Department of Computer Science, University of Warwick Coventry, UK.
Department of Computer Science, University of Warwick Coventry, UK ; Oxford Centre for Computational Neuroscience Oxford, UK.
Front Comput Neurosci. 2014 Apr 1;8:37. doi: 10.3389/fncom.2014.00037. eCollection 2014.
When we see a human sitting down, standing up, or walking, we can recognize one of these poses independently of the individual, or we can recognize the individual person, independently of the pose. The same issues arise for deforming objects. For example, if we see a flag deformed by the wind, either blowing out or hanging languidly, we can usually recognize the flag, independently of its deformation; or we can recognize the deformation independently of the identity of the flag. We hypothesize that these types of recognition can be implemented by the primate visual system using temporo-spatial continuity as objects transform as a learning principle. In particular, we hypothesize that pose or deformation can be learned under conditions in which large numbers of different people are successively seen in the same pose, or objects in the same deformation. We also hypothesize that person-specific representations that are independent of pose, and object-specific representations that are independent of deformation and view, could be built, when individual people or objects are observed successively transforming from one pose or deformation and view to another. These hypotheses were tested in a simulation of the ventral visual system, VisNet, that uses temporal continuity, implemented in a synaptic learning rule with a short-term memory trace of previous neuronal activity, to learn invariant representations. It was found that depending on the statistics of the visual input, either pose-specific or deformation-specific representations could be built that were invariant with respect to individual and view; or that identity-specific representations could be built that were invariant with respect to pose or deformation and view. We propose that this is how pose-specific and pose-invariant, and deformation-specific and deformation-invariant, perceptual representations are built in the brain.

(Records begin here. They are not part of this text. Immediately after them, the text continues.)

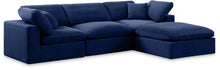 Load image into Gallery viewer, Comfy - 4 Piece Velvet Modular Sectional With Chaise
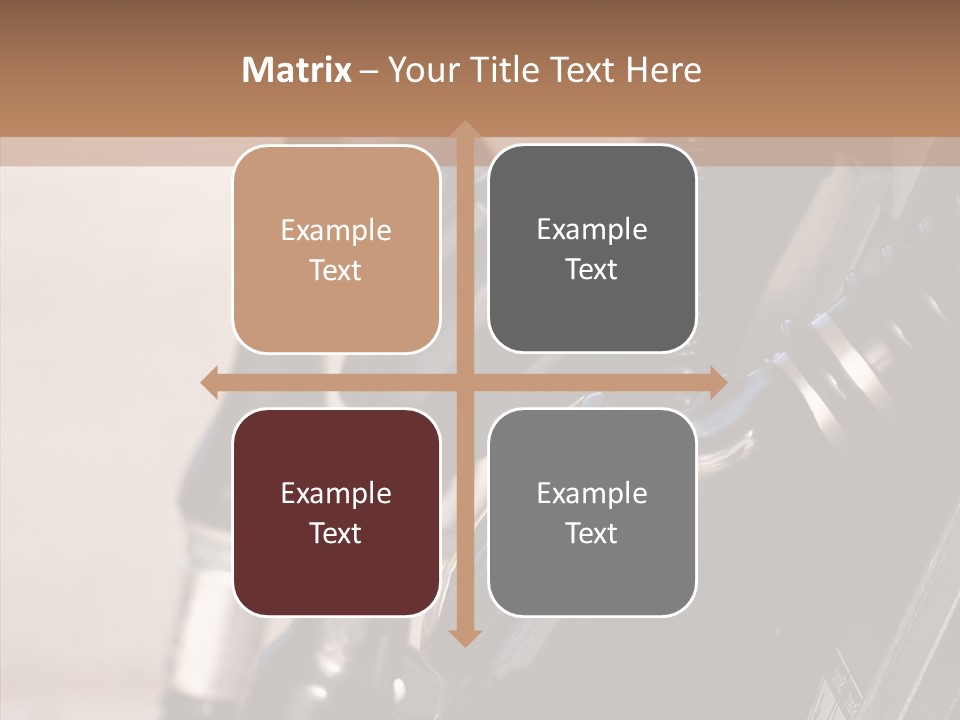 Diesel Grey Reserve PowerPoint Template
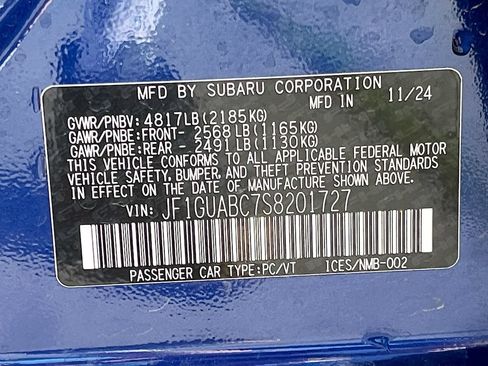 Used 2025 Subaru Impreza 2.0i AWD/4WD image 29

当我们看到一个人坐下、站起或行走时,我们可以独立于个体识别出这些姿势之一,或者我们可以独立于姿势识别出个体。对于变形物体,也会出现同样的问题。例如,如果我们看到一面旗帜被风吹变形,无论是向外吹还是懒洋洋地悬挂着,我们通常可以独立于其变形识别出旗帜;或者我们可以独立于旗帜的身份识别出变形。我们假设这些类型的识别可以由灵长类动物视觉系统使用时空连续性来实现,作为物体变形的学习原则。具体来说,我们假设在连续看到大量不同人处于相同姿势或同一物体处于同一变形的情况下,可以学习姿势或变形。我们还假设,当个体人或物体连续从一种姿势或变形和视角转换到另一种时,可以建立独立于姿势的特定于人的表示,以及独立于变形和视角的特定于物体的表示。这些假设在模拟腹侧视觉系统 VisNet 中进行了测试,该系统使用时间连续性,通过具有短期记忆痕迹的突触学习规则来实现,以学习不变表示。结果发现,根据视觉输入的统计数据,可以建立特定于姿势或变形的表示,这些表示对于个体和视角是不变的;或者可以建立特定于身份的表示,这些表示对于姿势或变形和视角是不变的。我们提出,这就是大脑中建立特定于姿势和不变的、特定于变形和不变的、感知表示的方式。